Case Study 1: Ravi’s Kirana Shop
Ravi owns a kirana shop in Bangalore. His annual turnover is
₹1.8 crore.
👉 His income clearly
falls under PGBP (business income).
Now here’s the twist—Ravi doesn’t want to maintain tons of
books and accounts. Fair enough, who does? That’s where Presumptive Taxation
(Section 44AD) saves him.
Section 44AD – The Game Changer for Small Businesses
Section 44AD basically says: “If you’re a small business,
don’t bother with big accounts. Just declare a percentage of your turnover as
profit, pay tax, and relax.”
Here’s how it works:
- Turnover
Limit:
Up to ₹2 crore – eligible for presumptive scheme.
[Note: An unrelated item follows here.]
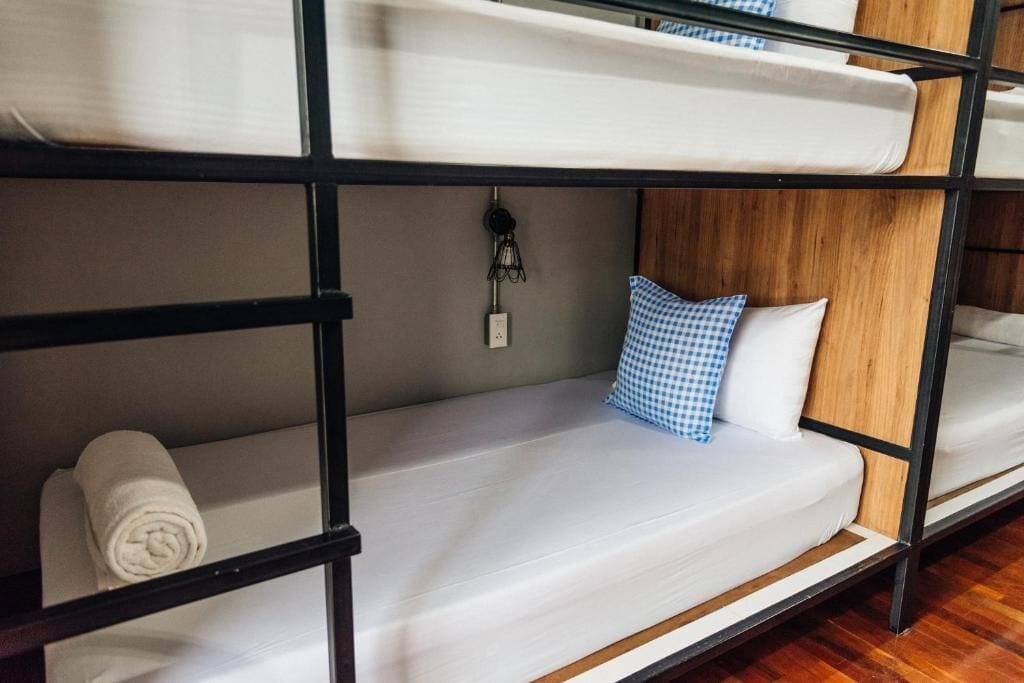 A bunk bed with a white mattress, a blue and white checkered pillow, and a rolled towel on the lower bunk.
(From AY 2024-25 onwards, the limit increased to ₹3 crore IF cash receipts are ≤ 5% of total turnover. Basically, if almost all payments are digital, you get more room.) - Profit
to be Declared:
8% of turnover (if payments are in cash).
6% of turnover (if payments are digital).
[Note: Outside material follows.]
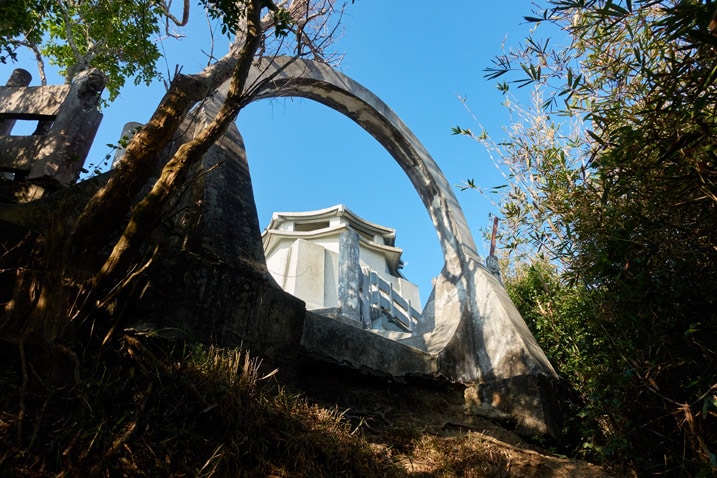 Looking up at a circular arch opening - white building behind it - 旗月縱走 - 旗尾山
So in Ravi’s case (turnover ₹1.8 crore, mostly digital), he
can declare just 6% of ₹1.8 crore = ₹10.8 lakh as profit and pay tax on that.
No headache of maintaining ledgers, GST reconciliations, etc. 🎉
Key Learning: Section 44AD reduces compliance
for small businesses.
Case Study 2: Priya the Freelance Graphic Designer
Priya earns around ₹40 lakhs a year designing logos and
marketing creatives for clients.
👉 Her income falls under
PGBP (professional income).
But here’s the catch—Section 44AD does not apply to
professionals. For her, the correct scheme is Section 44ADA, which
allows presumptive taxation for professionals with gross receipts up to ₹75
lakh.
She needs to declare 50% of her gross
receipts as profit under the presumptive scheme.
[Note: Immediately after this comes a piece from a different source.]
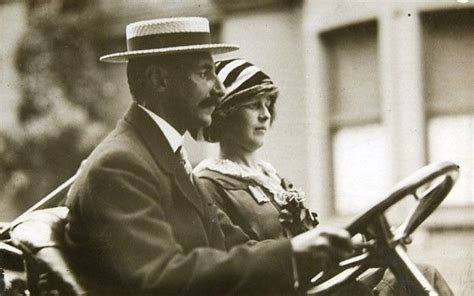 an old black and white photo of a man and woman driving a horse drawn ...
So, ₹20 lakhs is taxed as income.
Key Learning: Professionals (like doctors,
designers, consultants) get a different presumptive option under Section 44ADA,
not 44AD.
Why PGBP Matters
So, why should you even care about all this PGBP talk?
Because:
- Deductions
are allowed: You can claim expenses like rent, salaries, internet
bills, depreciation, etc.
- Special
schemes like 44AD & 44ADA can save you from endless
bookkeeping.
- Tax
planning: Knowing whether your income is business or professional
decides how much you pay and how you file returns.
Quick FAQs People Always Ask
Q1: What are the 5 heads of income under the Income Tax
Act?
Salary, House Property, Business/Profession (PGBP), Capital Gains, Other
Sources
Q2: What is the limit of Section 44AD?
₹2 crore (normal limit).
₹3 crore if cash receipts ≤ 5% of turnover.
Q3: Can professionals like doctors and lawyers use
Section 44AD?
Nope. They must use Section 44ADA.
Q4: Do I need to maintain books if I use 44AD or 44ADA?
No, that’s the whole point—you can avoid detailed bookkeeping.
Wrapping It Up
PGBP is simply the bucket where business and professional
incomes go for tax purposes. Whether you’re a shopkeeper, a freelancer, or a
consultant—your income most likely fits here.
- Small
businesses can use Section 44AD (limit: ₹2 crore / ₹3 crore if mostly
digital).
- Professionals
can use Section 44ADA (limit: ₹75 lakh).
- Both
schemes reduce compliance and save time.
👉 Pro tip: Always
check whether you’re eligible for presumptive schemes before slogging with
detailed accounts. It can literally save you hours of paperwork.